An exact copy of every record below is needed, with all pictures removed.

RECORD EXCERPTS -
• • • • • • •

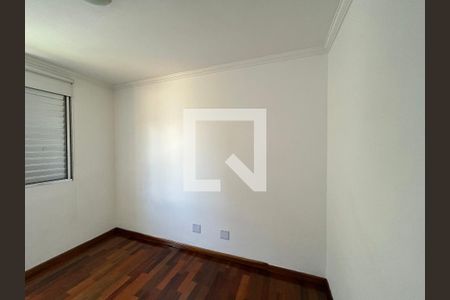 Quarto 2 de apartamento para alugar com 4 quartos, 66m² em Vila Miriam, São Paulo
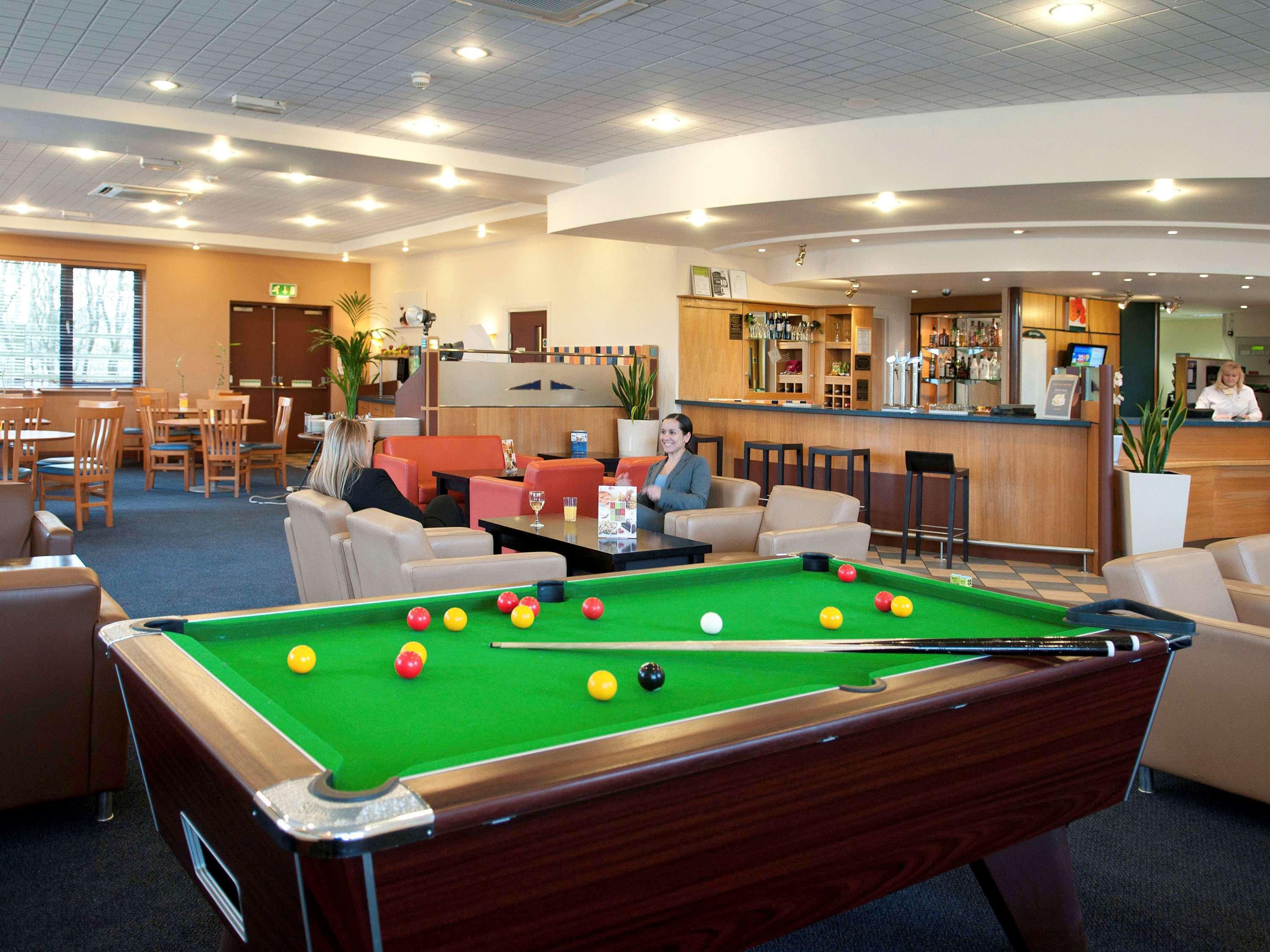 Ibis Wellingborough Hotel Екстериор снимка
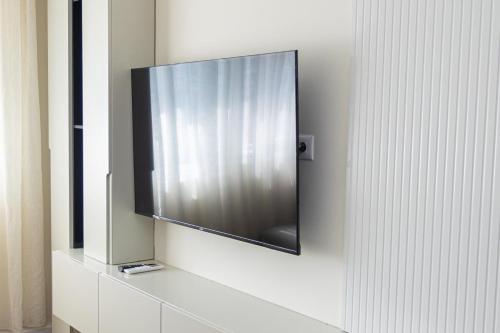 TV i/ili multimedijalni sistem u objektu Iunn apartments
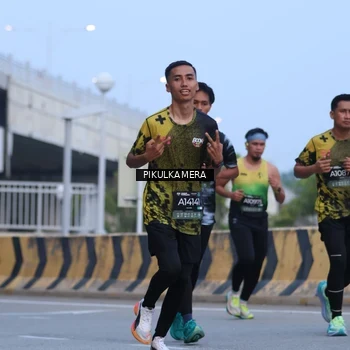 Runner Photo 6236937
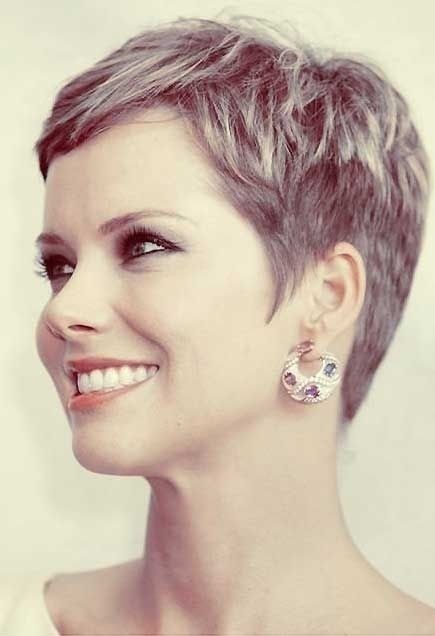 Best Short Pixie Hairstyles for Women Over 40 / Via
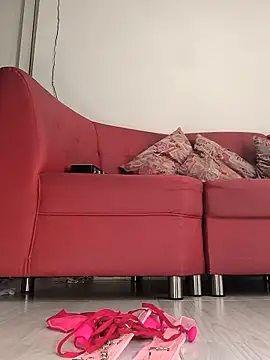 samanthakiss192 online show from October 31, 2025, 2:24 pm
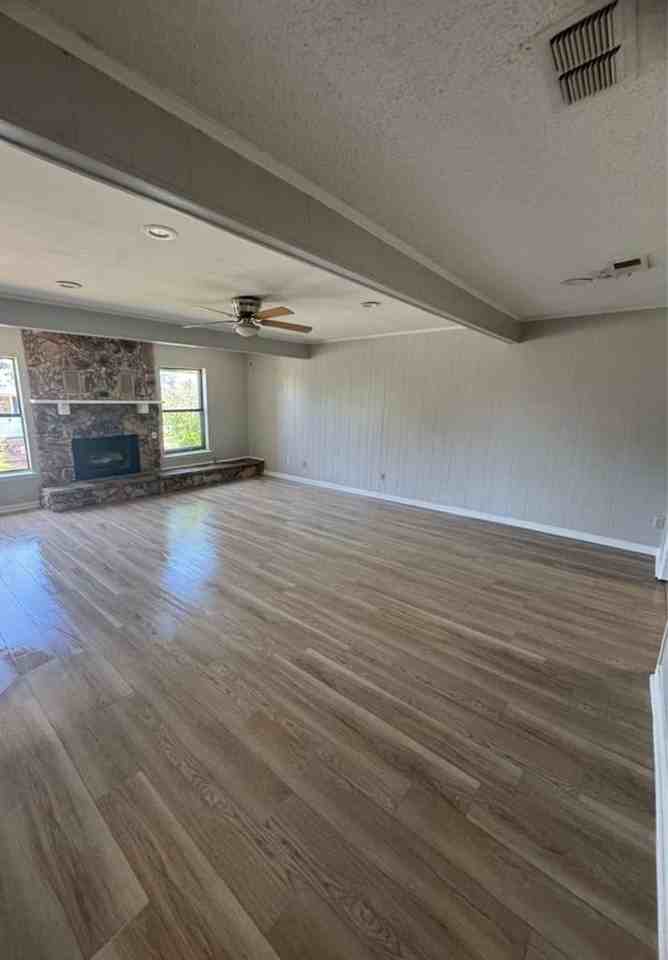 3809 Yellowstone St - Photo 4 of 22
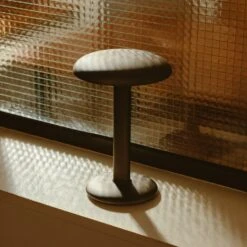 FLOS Gustave LED-Tischleuchte, Akku 927 Aluminium 6 FLOS Gustave LED-Tischleuchte, Akku 927 Aluminium -Paulmann Verkaufsgeschäft 10008971 2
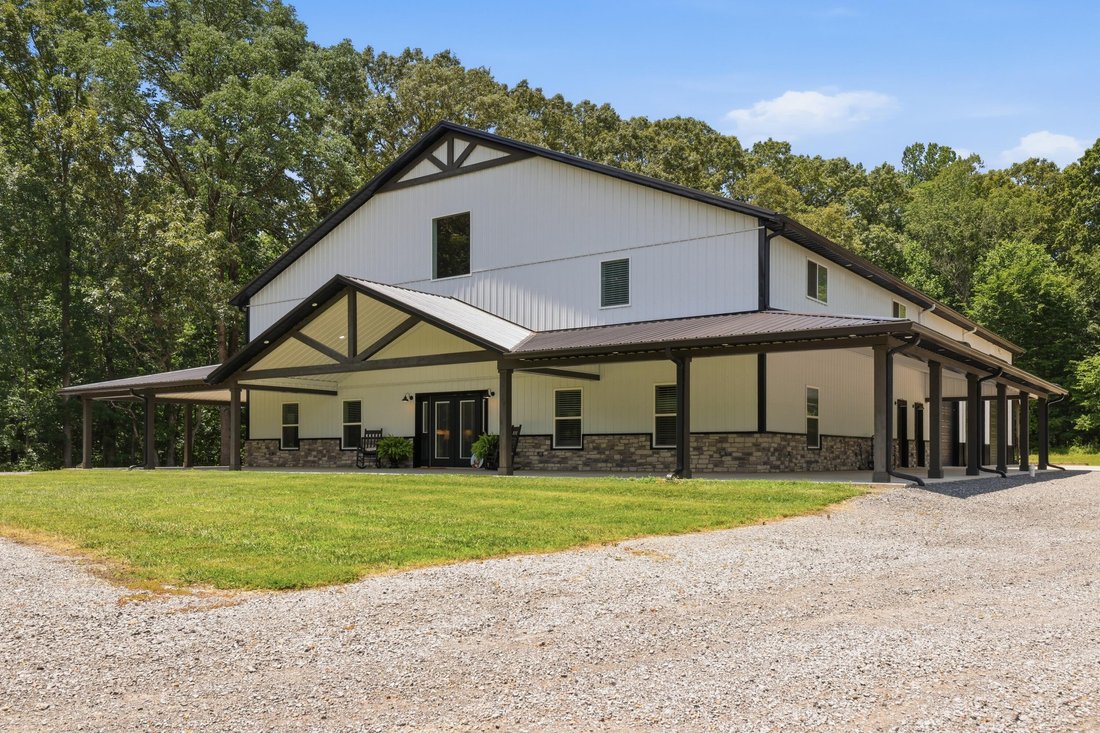 House in Hazel, Kentucky, United States 1 - 18449578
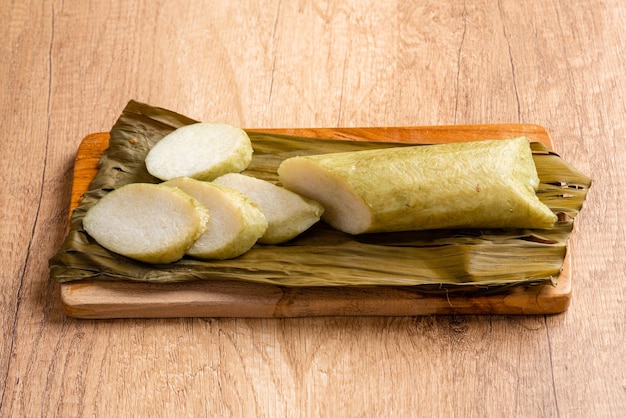 Lontong é um prato indonésio O arroz é enrolado dentro de uma folha de bananeira e fervido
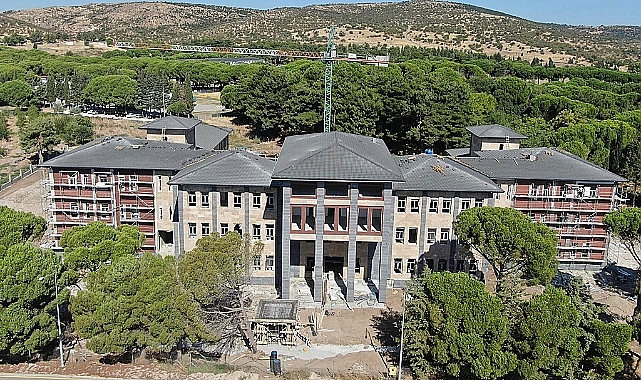 Ezine Kamu Kampüsü'nde çalışmalar sürüyor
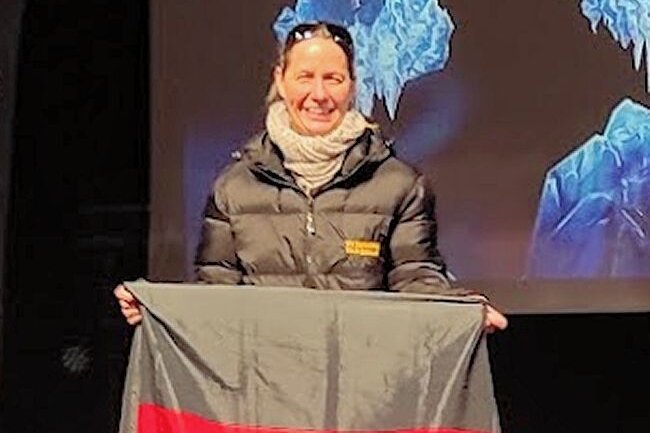 Aus dem Siebenlehner Bad zum WM-Gold - Gleich zweimal stand die Freibergerin Katleen Schierz bei der Eisschwimm-WM in Frankreich auf dem obersten Treppchen.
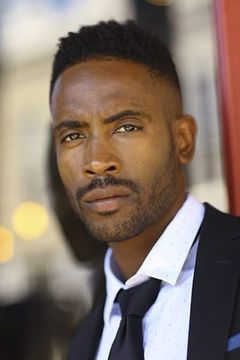 Stanley White Jr. interpreta Doorman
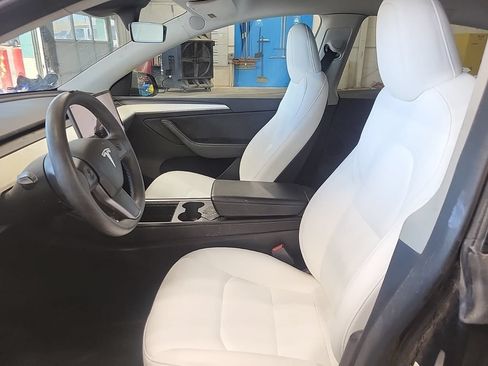 Used 2023 Tesla Model Y Long Range AWD/4WD image 3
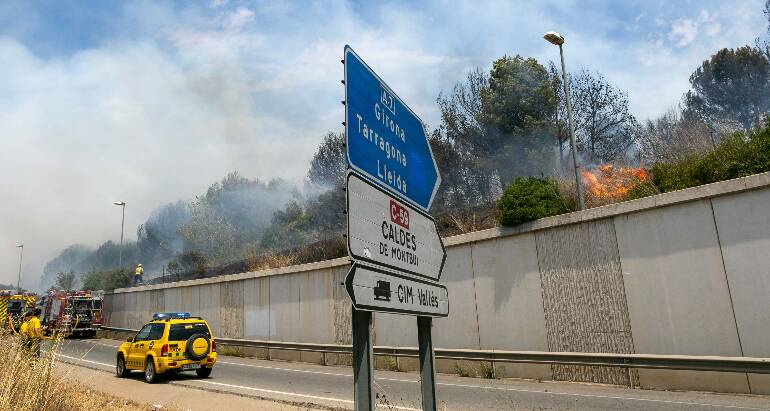 Un incendi a Santa Perpètua crema 3500 metres de vegetació al marge de la C-59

• • • • • • •

ANSWER TO THE EXERCISE -
 Quarto 2 de apartamento para alugar com 4 quartos, 66m² em Vila Miriam, São Paulo
 Ibis Wellingborough Hotel Екстериор снимка
 TV i/ili multimedijalni sistem u objektu Iunn apartments
 Runner Photo 6236937
 Best Short Pixie Hairstyles for Women Over 40 / Via
 samanthakiss192 online show from October 31, 2025, 2:24 pm
 3809 Yellowstone St - Photo 4 of 22
 FLOS Gustave LED-Tischleuchte, Akku 927 Aluminium 6 FLOS Gustave LED-Tischleuchte, Akku 927 Aluminium -Paulmann Verkaufsgeschäft 10008971 2
 House in Hazel, Kentucky, United States 1 - 18449578
 Lontong é um prato indonésio O arroz é enrolado dentro de uma folha de bananeira e fervido
 Ezine Kamu Kampüsü'nde çalışmalar sürüyor
 Aus dem Siebenlehner Bad zum WM-Gold - Gleich zweimal stand die Freibergerin Katleen Schierz bei der Eisschwimm-WM in Frankreich auf dem obersten Treppchen.
 Stanley White Jr. interpreta Doorman
 Used 2023 Tesla Model Y Long Range AWD/4WD image 3
 Un incendi a Santa Perpètua crema 3500 metres de vegetació al marge de la C-59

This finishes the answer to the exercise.